> _Available data_
▬▬▬

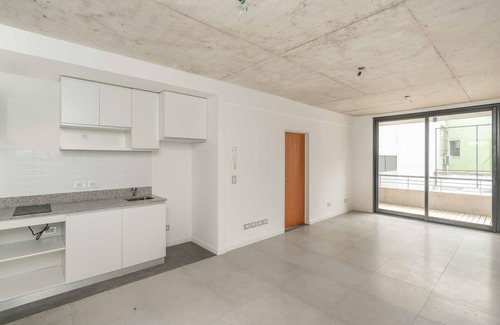 Imagen 9 de 25 de Monoambiente Con Patio Y Cochera En Excelente Zona De Núñez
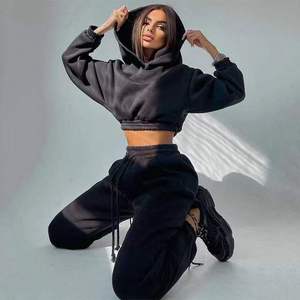 ชุดวอร์มคุณภาพสูงผลิตโดย Crop High ผู้ผลิตโดยตรงจากโรงงาน ชุดออกกำลังกายทรงโอเวอร์ไซส์สำหรับผู้ชาย ชุดวอร์มขาบาน รับสั่งทำตามแบบ - Product Image 2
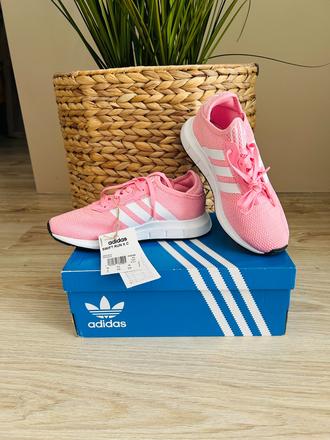 Krásne tenisky značky adidas, pc 85,95 eur, adidas,35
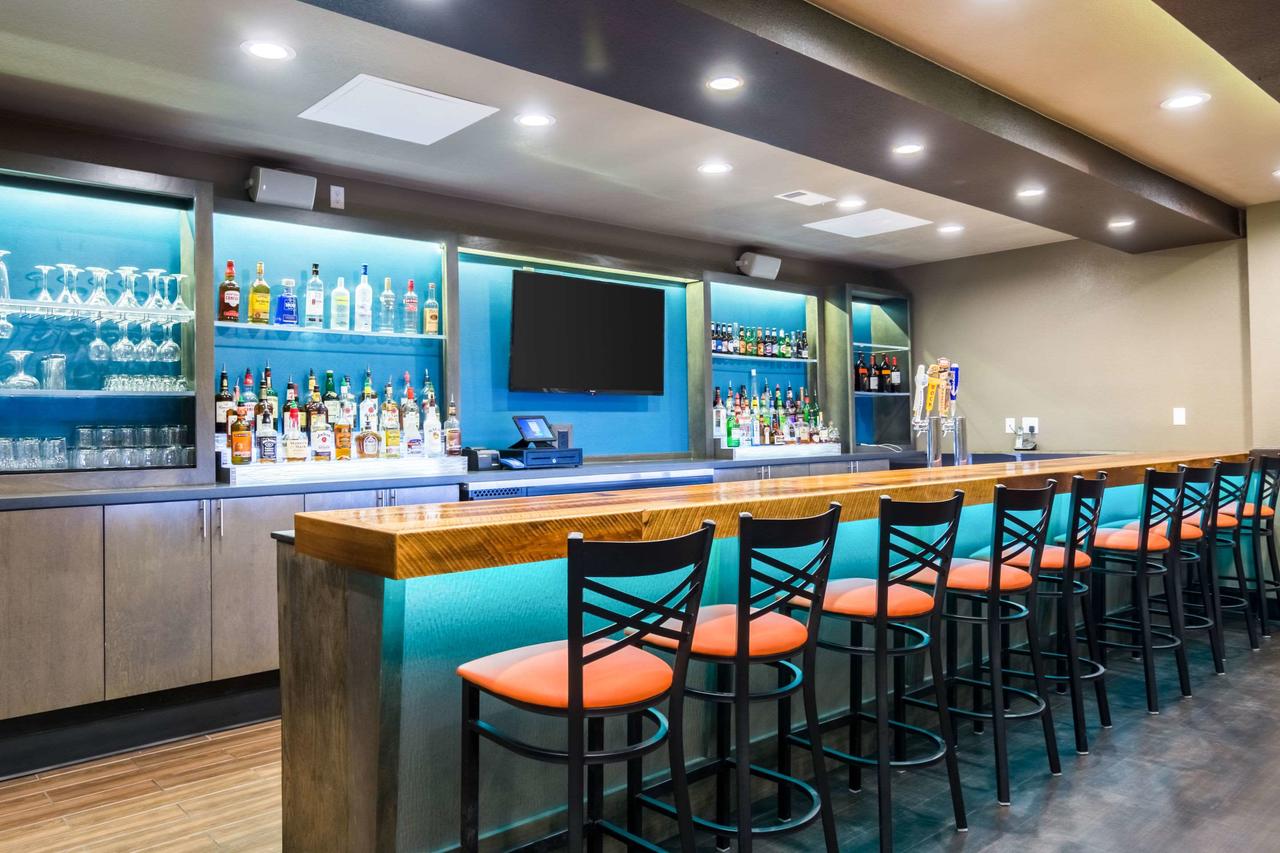 Clarion Inn & Suites Russellville I-40 - thumb 3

▬▬▬

> _The problem_
Could you give the listing again exactly, minus its pictures?

> _Expected answer_
 Imagen 9 de 25 de Monoambiente Con Patio Y Cochera En Excelente Zona De Núñez
 ชุดวอร์มคุณภาพสูงผลิตโดย Crop High ผู้ผลิตโดยตรงจากโรงงาน ชุดออกกำลังกายทรงโอเวอร์ไซส์สำหรับผู้ชาย ชุดวอร์มขาบาน รับสั่งทำตามแบบ - Product Image 2
 Krásne tenisky značky adidas, pc 85,95 eur, adidas,35
 Clarion Inn & Suites Russellville I-40 - thumb 3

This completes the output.